Navid Afkari: Trump urges Iran not to execute champion wrestler
- Published
US President Donald Trump has called on Iran to overturn a death sentence passed down on a champion wrestler who took part in protests two years ago.
"To the leaders of Iran, I would greatly appreciate if you would spare this young man's life, and not execute him," Mr Trump tweeted on Thursday, external.
Navid Afkari, 27, was handed two death sentences over the murder of a security guard during protests in Shiraz.
But there are concerns his confession was extracted under torture.
His brothers Vahid and Habib were sentenced to 54 and 27 years in prison in the same case, according to human rights activists in Iran.

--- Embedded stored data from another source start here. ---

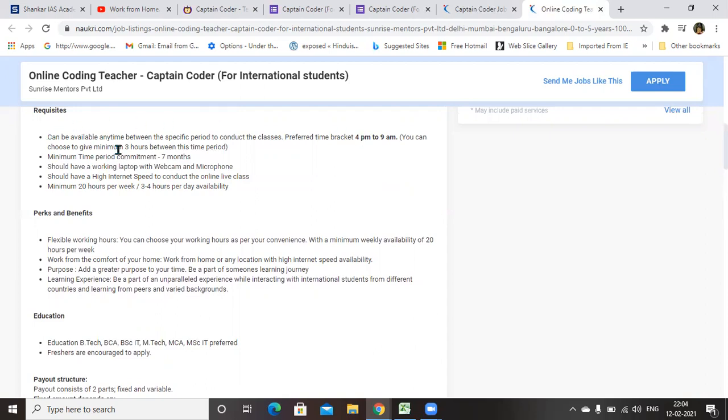Minimum, you should give three hours between this time period. You should have a laptop with webcam and microphone. The main advantage of doing this job is minimum 20 hours per week. Since other companies are asking 40 hours per week, 30 hours per week, in this company they are in need of only 20 hours per week, 3 to 4 hours per day as your availability.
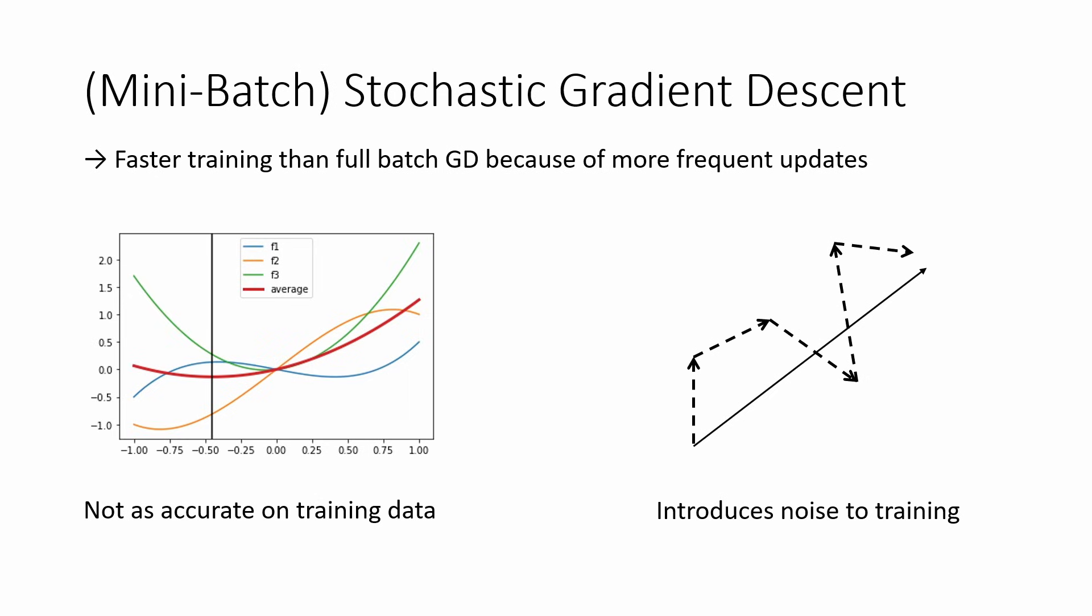Now there is some discussion and theories going on that this noise is actually helping us train the network to some extent, but that is a topic for its own video and it's also not fully understood in research yet. But I still wanted to mention this because this randomness in training is not completely negative, which is why it is used in most applications successfully to train neural networks.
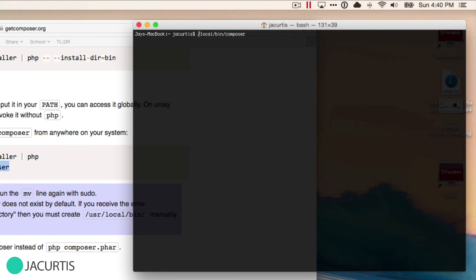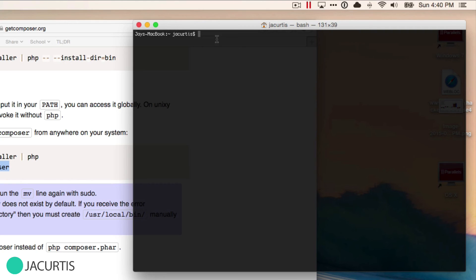Now I'm going to jump over to another computer and show you another error that can trouble a lot of people, especially if you're new to the terminal and haven't run a lot of these commands before. It's possible you don't even have a user local bin directory.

Citing a Fox News report, Mr Trump said the wrestler's "sole act was an anti-government demonstration on the streets".
Earlier in the day, US State Department spokeswoman Morgan Ortegus tweeted: "We join the world in outrage at the Iranian regime's death sentence for Navid Afkari, who was tortured into giving a false confession after participating in peaceful protests in 2018."
"The regime also tortured his two brothers and sentenced them to decades in prison. Let them go!"
A number of international wrestling figures and activists have also called for the brothers' release, and a petition calling for Afkari's life to be spared, external has been signed more than 10,000 times.
An Iranian state television-linked news agency confirmed Thursday that Navid Afkari had been sentenced to death.
But in a audio recording leaked from the prison where he is being held, Afkari said he had been tortured. His mother, meanwhile, has said her sons were forced to testify against each other under torture.
The brothers' lawyer, Hassan Younesi, said on Twitter that contrary to Iranian news reports, there was no video of the moment of the security guard's killing. He added that footage used as evidence in the case was taken an hour before the crime took place.
In 2018, protesters in cities across Iran took to the streets over economic hardship and political repression.
Further demonstrations took place late last year in protest against fuel price rises.
More than 7,000 people, including children as young as 10, were arrested in the crackdown that followed the 2019 unrest, according to Amnesty International.
Hundreds of protesters were killed, while those who survived were physically and sexually abused, a report released this week found.